Aspect’s companies are held through the entire process, from seed or series A to IPO, receiving a virtual sounding board of long-term partners at their beck and call who have the best interests of the company in mind, not themselves. They also have a chance to work within Aspect Labs, an intentional SF-based community workspace for select early-stage companies to collaborate and learn from each other. Invites aren’t just for investment companies either; Aspect also utilizes Aspect Labs as a way to keep close tabs on exciting companies that may end up in partnership.
I sat down with Gouw and Fonstad to find out more about how they started Aspect, and what they look for in startups who are raising funds.
TG: Jennifer and I co-founded Aspect Ventures in February of 2014. We’ve known each other for about twenty-five years, meeting in our first jobs out of undergrad as management consultants on the same four person team, back in Boston.
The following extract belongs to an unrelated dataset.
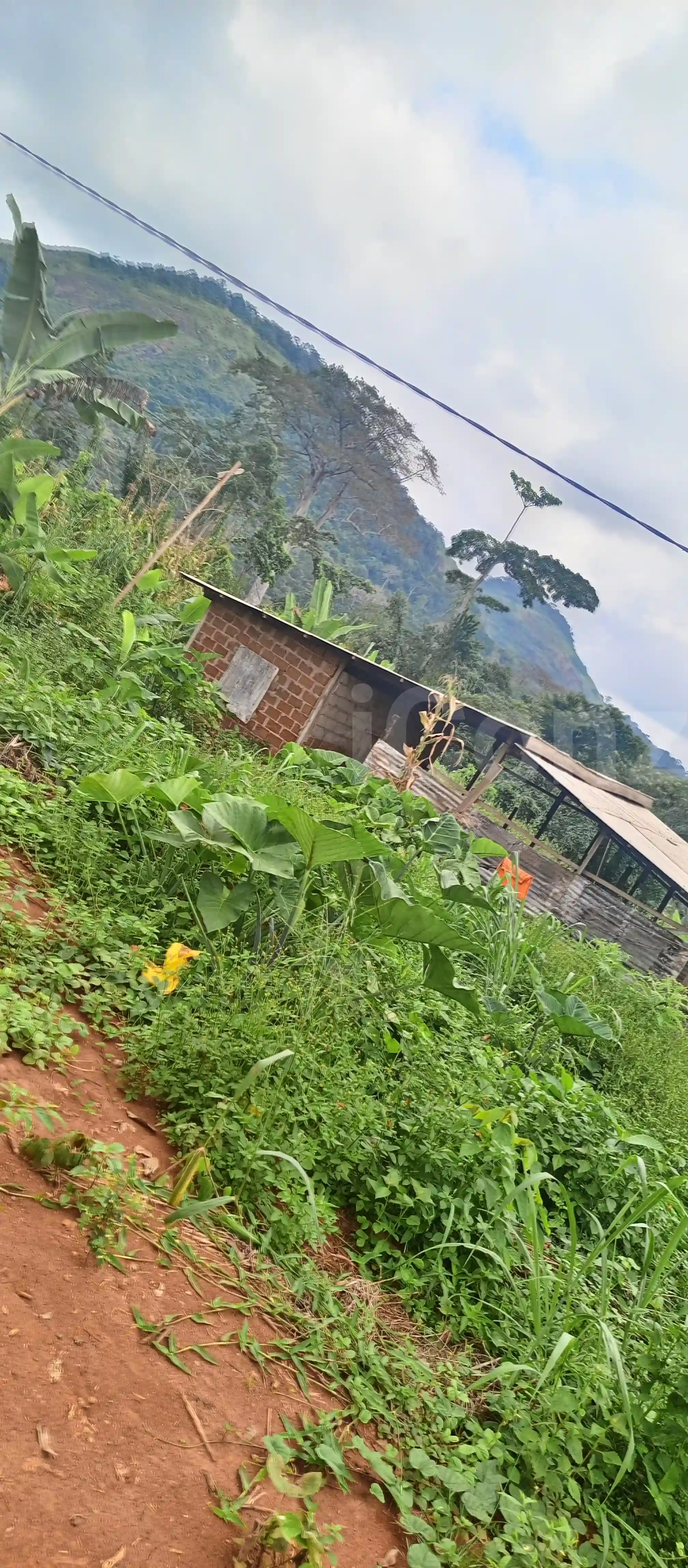 Terrain titré et Loti à Elat - Mixed-use Land - Yaounde 3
We worked together for about a year, and then Jennifer went east to Eastern Europe and then on to HBS. I came out here to California to Stanford for my MBA, and after business school I went back to management consulting briefly to pay for my student loans.
I quit consulting when a couple guys that I went to Stanford with raised their first seed round funding in 1996 from Tim Draper at DFJ. They asked me to join them as their first business product manager, sales, and customer support person at Release Software, a company that was doing electronic software downloads, payments and digital rights management. We were a bit on the early side, because it was still 28K modems back then; download speed wasn’t too great.
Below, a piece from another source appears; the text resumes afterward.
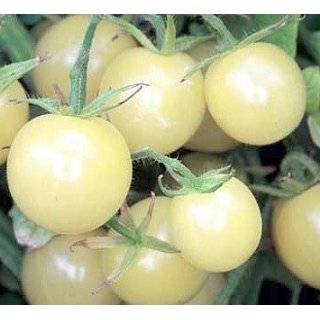  Great White Tomato 4 Plants   Best White Tomato   Sweet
About three months after joining, in walks Jennifer with Tim, because she had just joined DFJ as a Kauffman Fellow, and that’s where we reconnected. We worked together for about three years at Release, Jennifer as a board observer and me as an early founding member. In late 1998, after three CEOs in twelve months I thought that perhaps it was time to find something different to do. When I went to the board members, one of the guys who knew my background said he would introduce me to three portfolio companies and also three venture funds.
I immediately called Jennifer who by then had become a managing partner, took her to lunch down the street at Evvia, and asked for her advice. I said, “You know what I’ve been doing. I like what I’m doing, but should I go and do that again, be a founder, maybe even help write the business plan? Or should I do this venture capital thing?” With Jennifer’s advice that day, I ended up going to Accel Partners.